Questa frase è un cazzotto. Marcello spezza la logica del “sacrificio per la causa”, smaschera la retorica del “l’ho fatto per il bene di tutti”. La vita umana — quella del padre — è posta al centro. Ed è qui che Annibale cade, scoprendosi non un protettore, ma un distruttore.
La battuta “Perché sei un coglione, come lui” è una pugnalata rivolta in realtà a se stesso. Annibale non riesce a elaborare il tradimento (vero o percepito) di Alfredo, e scarica tutto sull’unico affetto che gli è rimasto. E quando Marcello lo definisce “un dinosauro”, gli dà il colpo di grazia: lo chiama reliquia, fossile di un mondo che non esiste più.
"Sei un morto di fame. Peggio di quelli che sfrutti. Sei un dinosauro, Annibale. Sei l’ultimo dei dinosauri rimasti, e sei un assassino del cazzo."
C'è dentro un’intera dichiarazione politica e morale: Annibale si è aggrappato a un’idea tossica di famiglia, di quartiere, di italianità, e per difenderla ha fatto terra bruciata.

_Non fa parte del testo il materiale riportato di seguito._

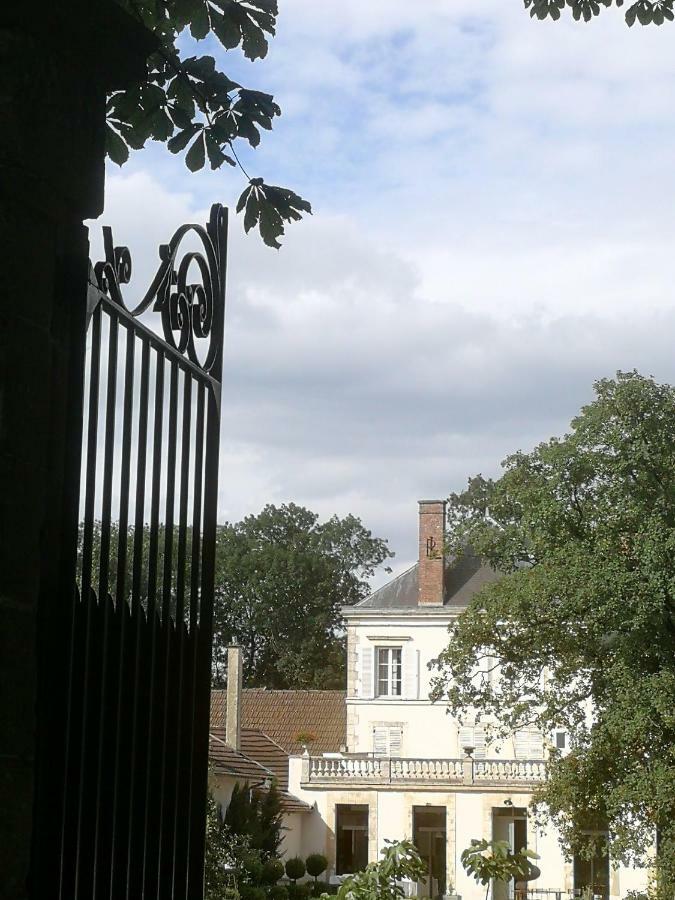 Chateau De Courmelois Champagne Guest House Val de Vesle المظهر الخارجي الصورة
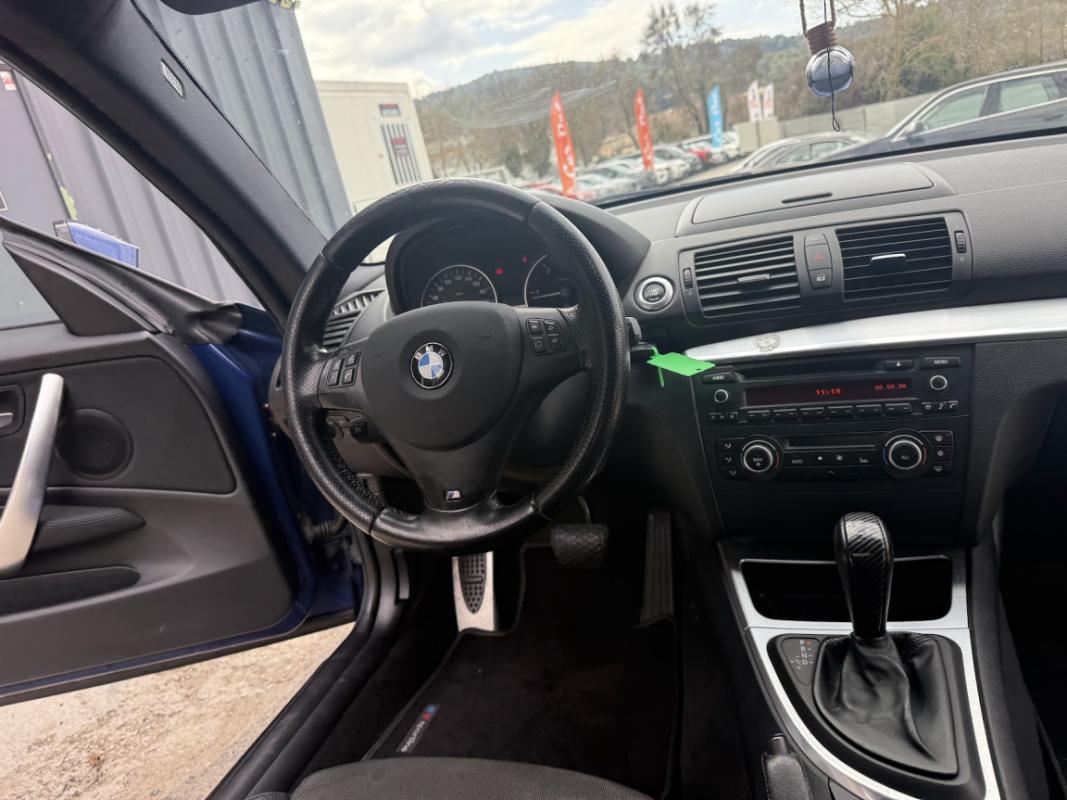 Bmw Serie 1 COUPE E82 118d 143cv M Sport Design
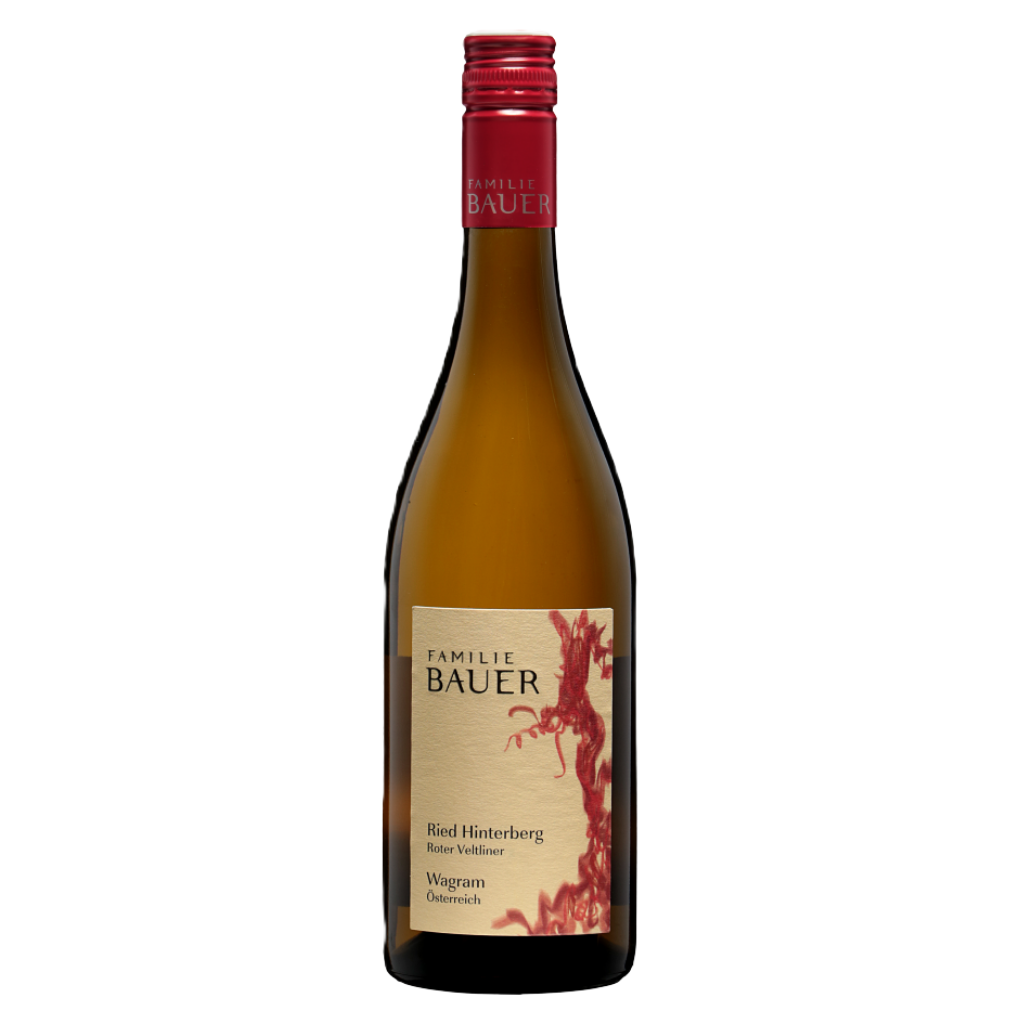 BAUER Roter Veltliner Hinterberg 2022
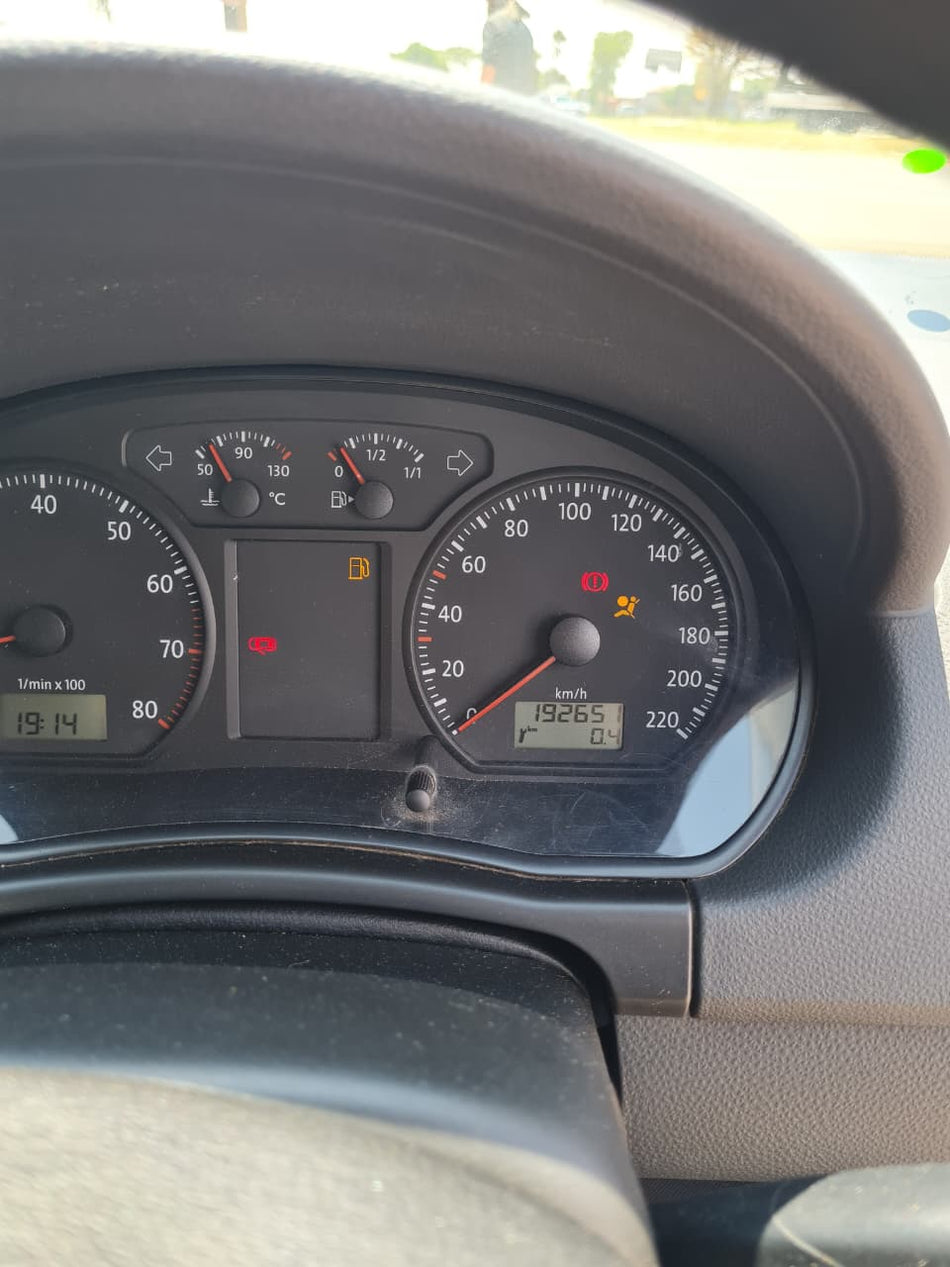 2009 Volkswagen Polo 1.6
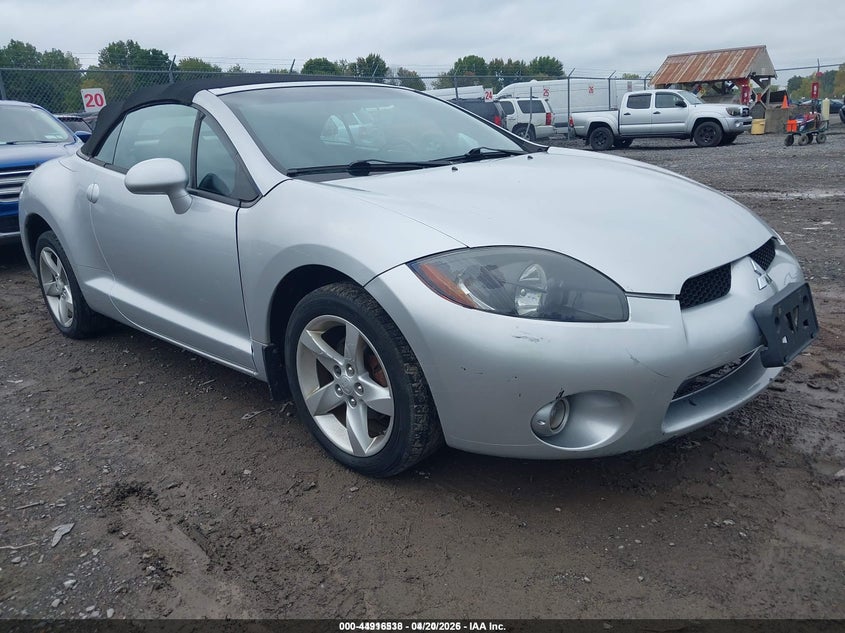 2008 Mitsubishi Eclipse Spyder Gs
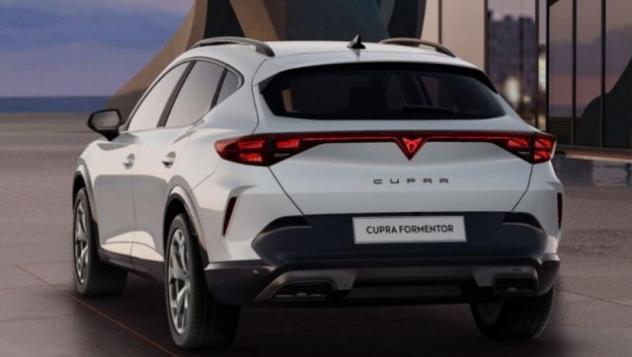 CUPRA Formentor 1.5 Hybrid DSG rif. 22663055 - Foto 8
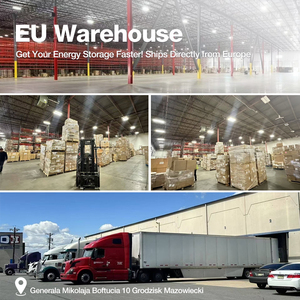 Pin Lithium Ion Lifepo4 dự trữ năng lượng gia đình Powerwall bảo hành 10 năm 51.2V 100ah 200ah 300ah 10Kwh 15kwh 20Kwh 30kwh - Product Image 5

Marcello in questa scena diventa qualcosa di diverso da un figlio o da una vittima: è la coscienza. Quando dice “Ti abbiamo voluto bene come si vuole bene a un povero disgraziato”, spezza qualsiasi possibilità di redenzione per Annibale. È un giudizio etico, ma anche affettivo: l’ha amato nonostante, e proprio per questo si sente tradito più di chiunque altro. "Tu l’hai fatto perché sei solo come un cane, e l’unico posto in cui puoi stare era quello." Questa frase è il cuore della scena. Svela la motivazione di fondo: la solitudine di Annibale, che ha scambiato il controllo per affetto e il possesso per casa.